For certain content (like huge videos or input files for mapreduce jobs) the direct access feature of the hydrated format is a nice benefit. It allows content to be accessed and fetched directly out of cloud storage using a single (presigned) URL without the need for any intermediate server step that glues the leaf chunks together.
Also note that for encrypted content you might just as well use the hydrated format since the very nature of encryption avoids duplicate content (or your encryption is broken...).
Now you may wonder that it is a bad idea to store different content under the same name as this might create confusion. When using a normal hashing algorithm (without tree-hashing support) that is the case, but for BLAKE2 this is not a problem.
In order to determine whether a root hash stores a deduped object, the following must be true:
- The size needs to be a multiple of 64 bytes (which allows for a quick check), and
- When hashed at level 1 and as last node it must return its own root hash.
BLAKE2 even protects you (via the level property i
) from content that (by chance) exactly matches the content that is used to compute any root hash. As an example, imagine an input file that has content that fully matches the (sole) leaf hash for the hello s3git
case above.
$ echo 46ddd7b91748c4d253e328a9644d78b3e3a298ebbbab462891502f05e956ef7ec03c8e0978e5160a858cc50ca6b37176248b602d50d0c609abe75b462b6dddcc | xxd -r -p | s3git add
Added: 4cba3e9d94f5c2a643ee365487249342e16d8e58cfd53c7b2022b7472b46cd30b08af32db1998a9f93a029bd086e4b1b744af2b46c54fab106beadb3b4cbed78
$ hexdump -C .s3git/stage/c7/88/1bd31c1d13ac080ce7188d92fc7296411e27df641c0431c305b299108b8c2c09c68076a760feee685a66b9cf70b45954f24191bc02497a1de338c76d91a8
00000000 46 dd d7 b9 17 48 c4 d2 53 e3 28 a9 64 4d 78 b3 |F....H..S.(.dMx.|
00000010 e3 a2 98 eb bb ab 46 28 91 50 2f 05 e9 56 ef 7e |......F(.P/..V.~|
00000020 c0 3c 8e 09 78 e5 16 0a 85 8c c5 0c a6 b3 71 76 |.<..x.........qv|
00000030 24 8b 60 2d 50 d0 c6 09 ab e7 5b 46 2b 6d dd cc |$.`-P.....[F+m..|
00000040
As you can see when this (byte) stream is added to s3git, it generates a leaf hash of c7881bd31c1d13ac080ce7188d92fc7296411e27df641c0431c305b299108b8c2c09c68076a760feee685a66b9cf70b45954f24191bc02497a1de338c76d91a8
which in turn leads to a root hash of 4cba3e9d94f5c2a643ee365487249342e16d8e58cfd53c7b2022b7472b46cd30b08af32db1998a9f93a029bd086e4b1b744af2b46c54fab106beadb3b4cbed78
.
And luckily this is not quite the same as the root hash 18e622875a89cede0d7019b2c8afecf8928c21eac18ec51e38a8e6b829b82c3ef306dec34227929fa77b1c7c329b3d4e50ed9e72dc4dc885be0932d3f28d7053
that you will get for hello s3git
.
Due to the fact that we can determine whether content is stored deduped or not, it is even possible to mix both deduped and hydrated storage in the same repository. Or in the case of multiple remotes (as will be supported by s3git) you can store it deduped in one remote and hydrated in another.

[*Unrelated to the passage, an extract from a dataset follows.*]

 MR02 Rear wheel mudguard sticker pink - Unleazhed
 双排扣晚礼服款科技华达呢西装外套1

For cloud drives such as Amazon Cloud Drive this is a nice capability since by storing for example videos in hydrated format, things like thumbnails and viewing are possible.

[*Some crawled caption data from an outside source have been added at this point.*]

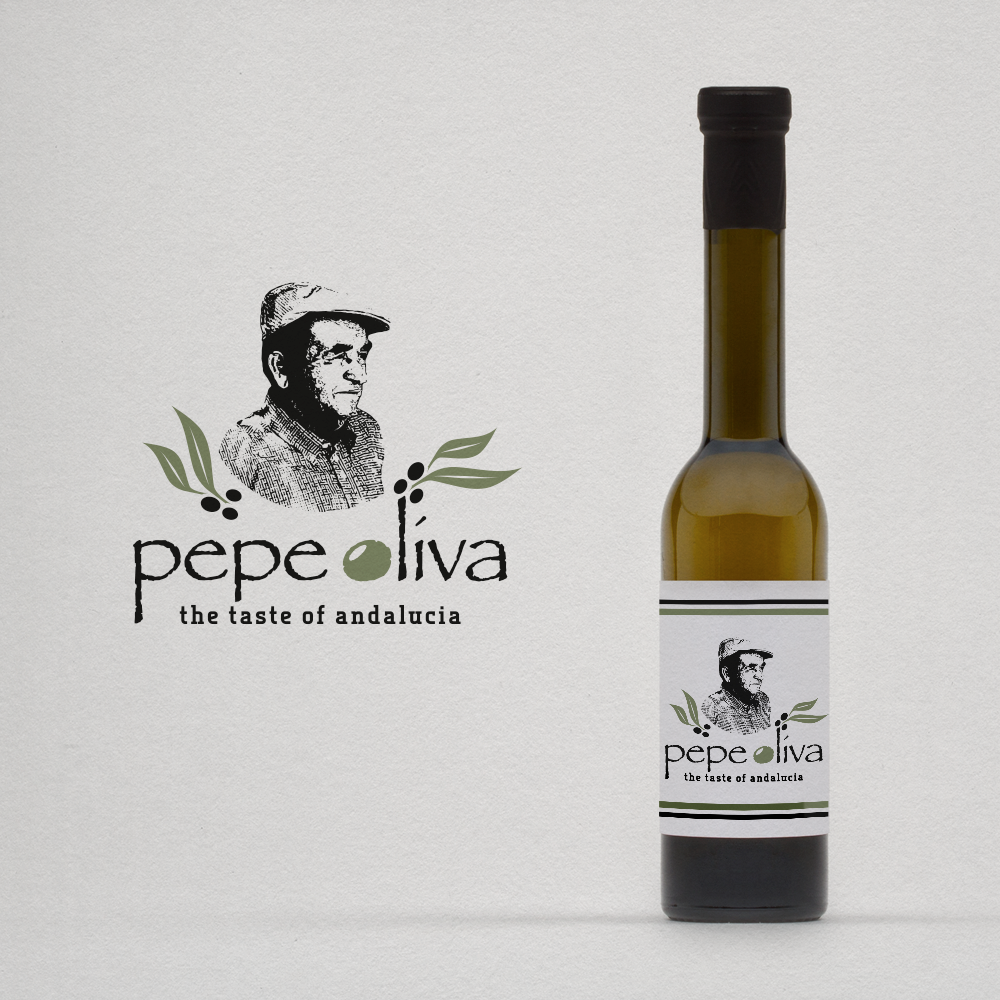 Logo, VK und Briefpapier-Design für pepe oliva olivenöl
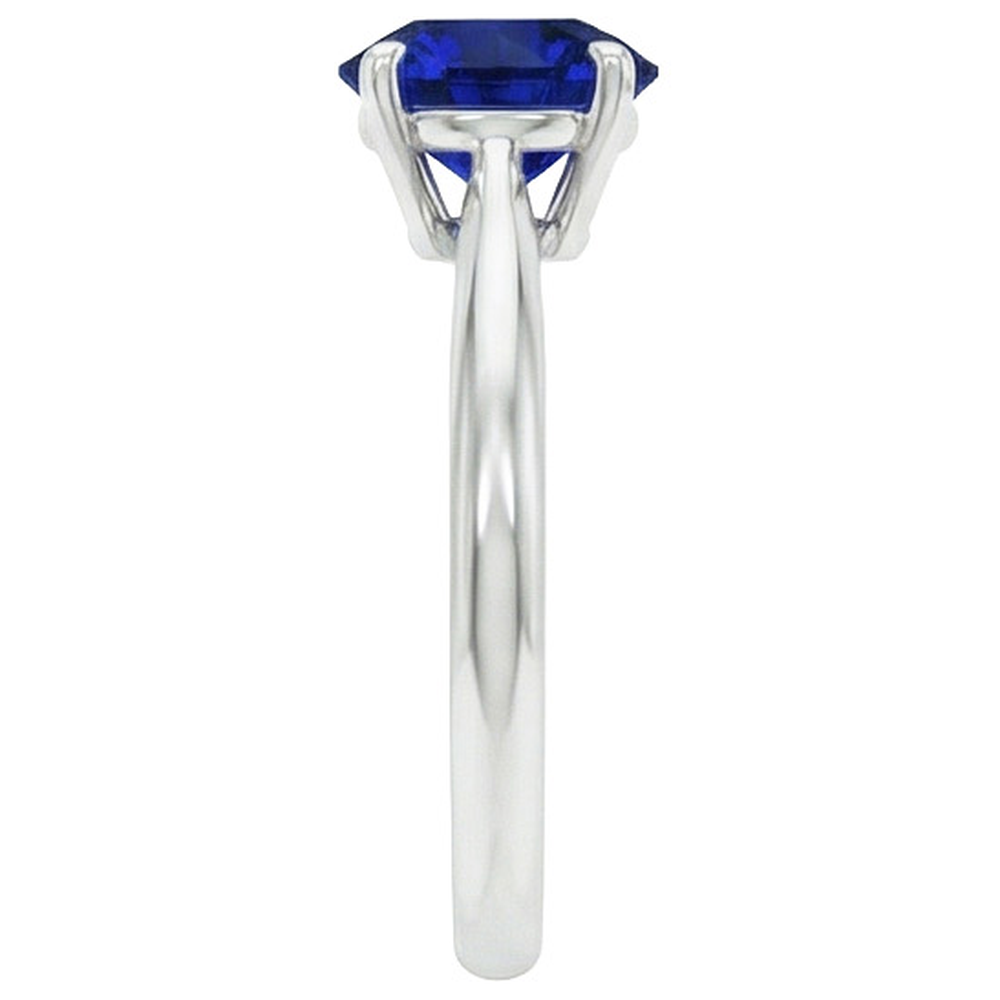 echter round diamant 4Karat ring Draufsicht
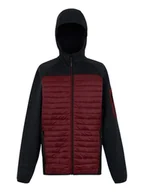 Kurtki i kamizelki sportowe męskie - Regatta Kurtka hybrydowa "Newhill" w kolorze bordowym - miniaturka - grafika 1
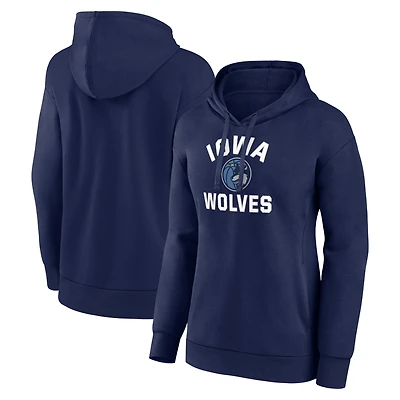 Women's Navy Iowa Wolves Team Overtime Pullover Hoodie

Using BLAKE2 in the unlimited fanout mode allows s3git to seamlessy support both deduplication as well as hydration within the same repository.
Due to the hashing nature it is virtually certain (at least within our lifetimes (and those of our grand children)) that no hash collisions will occur. More on this in a future blog.